In the future, we plan to implement several additional collection tools to enrich QOL and energy balance data associated with the MDA-CPSC. For QOL, a panel of validated, established tools will be used to measure cancer-related QOL (Functional Assessment of Cancer Therapy; FACT-G), depression symptoms (Centre for Epidemiologic Studies Depression Scale; CES-D) and perception of stress (Perceived Stress Scale; PSS). For nutritional profiling, the short NCI Diet Screener Questionnaire (DSQ, 26-item) will be deployed and more detailed anthropometry variables related to obesity prior to cancer diagnosis will be collected. Current physical activity assessments will be made using the short form of the International Physical Activity Questionnaire (IPAQ) 15 and the easy-to-administer Godin Leisure Time Activity Questionnaire. 16
A rapidly growing subset of the cohort participants has blood biospecimens available for research purposes through the BSRR. Launched in 2010, the BSRR leverages MD Anderson’s ‘front door consent policy’ that covers collection and banking of residual tissues and bodily fluids for future research purposes. Typically, about 95% of newly registered patients provide consent. Residual blood samples are held for 48 h by diagnostic laboratory services prior to release and delivery to the BSRR laboratory. A new protocol was activated in 2014 to collect fresh blood specimens for certain malignancies. This fresh blood is delivered to the BSRR within 2 h of collection. On receipt of all blood, the DNA and plasma are isolated, barcoded and banked.
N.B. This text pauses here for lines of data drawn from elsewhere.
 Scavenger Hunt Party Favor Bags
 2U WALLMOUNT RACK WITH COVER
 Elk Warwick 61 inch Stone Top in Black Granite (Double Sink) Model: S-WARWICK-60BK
This resource creates an opportunity to link genetic and molecular profiles with the extensive patient data in the MDA-CPSC.
What has it found?
The MDA-CPSCis an excellent resource for discovery of risk factors, biomarkers and molecular signatures for prediction of clinical outcomes and survivorship endpoints. Among confirmed malignant diagnoses based on our Tumour Registry, the top 10 preponderant malignancies were breast, lung, prostate, skin, head and neck, colorectal, lymphoma, leukaemia, brain and nervous system, and pancreatic cancer ( Table 2 ). The cohort s currently being drawn upon to support several large next-generation sequencing projects to identify rare cancer susceptibility loci that confer risk in pancreatic, colorectal, head and neck, and ovarian cancers, as well as melanoma.
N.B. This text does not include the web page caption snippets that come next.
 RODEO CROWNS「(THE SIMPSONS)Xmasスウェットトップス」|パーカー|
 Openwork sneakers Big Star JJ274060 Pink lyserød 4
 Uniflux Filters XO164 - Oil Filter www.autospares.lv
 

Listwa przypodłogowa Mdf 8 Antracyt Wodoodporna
Data and biospecimens from the MDA-CPSC have been integrated into a number of multi-centre, collaborative analyses evaluating genetic variation in various malignancies through genome-wide association studies (GWAS), including for lung, kidney, bladder, oesophageal and testicular cancers. Several novel findings have also been uncovered for non-Hodgkin’s lymphoma through these collaborative efforts. For example, in diffuse large B-cell lymphoma, a meta-analysis of GWAS revealed five novel genetic variants in regions that encompassed credible candidate genes. 17 In follicular lymphoma, five novel non-human leukocyte antigen [HLA] susceptibility loci were identified as significant contributors to disease risk. 18 In the first GWAS of marginal-zone lymphoma, two independent risk loci in the HLA region were uncovered. 19
Through the PHDB, one of the detailed epidemiology variables collected is smoking. Among the participants, there were 11.23% current smokers, 39.62% former smokers, and 46.95% never smokers (2.56% records had unknown smoking status, patient left blank/no information collected). The availability of data on smoking behaviour among cancer patients since 1999 enabled an analysis of the trend of smoking prevalence over time. We observed that between 2000 and 2012, the percentage of never smokers increased from 46% to 57%, whereas the percentage of current smokers, recent quitters and former smokers decreased from 13% to 10%, 7% to 5% and 33% to 28%, respectively ( Figure 2 ). This analysis and similar approaches provide vital information that can be used to guide interventions among cancer patients and also cancer control recommendations. Furthermore, the depth of data available demonstrates the potential power of the MDA-CPSC for investigation of the role of smoking, as well as other epidemiology variables, in clinical outcomes.
Figure 2.
Temporal trend of smoking prevalence for MD Anderson patients.
Major efforts are being focused towards prediction of clinical outcomes and prognosis within the MDA-CPSC. The availability of diagnostic and clinical testing results have enabled the identification of serum albumin, bilirubin and lactate dehydrogenase (LDH) as possible prognostic factors for overall survival in non-metastatic breast cancer. 20 Using prostate cancer biospecimens, we have also reported on the ability of a genetic variant to stratify prostate cancer patients into a higher-risk subgroup at diagnosis. 21
The PHDB captures baseline QOL data that are being analysed to better understand the mediators of poor QOL at diagnosis, associations between QOL with survival, and racial disparities in QOL. A consistent trend has been observed—cancer patients with poor QOL at diagnosis experience poorer overall survival compared with patients with better QOL. Racial differences in both QOL and survival have also been observed across several cancer sites. Ongoing studies are investigating the potential contributors and mechanisms for this relationship.
With the wealth of patient data in the MDA-CPSC, a major research effort has been devoted to the development of risk prediction models for clinical outcomes. For prostate cancer, MDA-CPSC data were used to develop a risk prediction model for cancer aggressiveness through analysis of a number of potential risk factors including epidemiology variables, comorbidities and laboratory variables. We showed that compared with a model based on age and smoking status, the incorporation of BMI and cardiac comorbidity improved model performance (area under the curve, AUC) by 4%, and further incorporation of testosterone levels improved the AUC by 10%. Risk prediction models for breast cancer recurrence and survival have been developed based on data from approximately 15 000 women with stage I–III invasive primary breast cancer. In addition to known clinical variables, our models showed that lifestyle factors, such as alcohol consumption, cigarette smoking and QOL, may also influence survival and recurrence for breast cancer and were able to improve risk prediction. Furthermore, the distribution of these factors varied by race.
What are the main strengths and weaknesses?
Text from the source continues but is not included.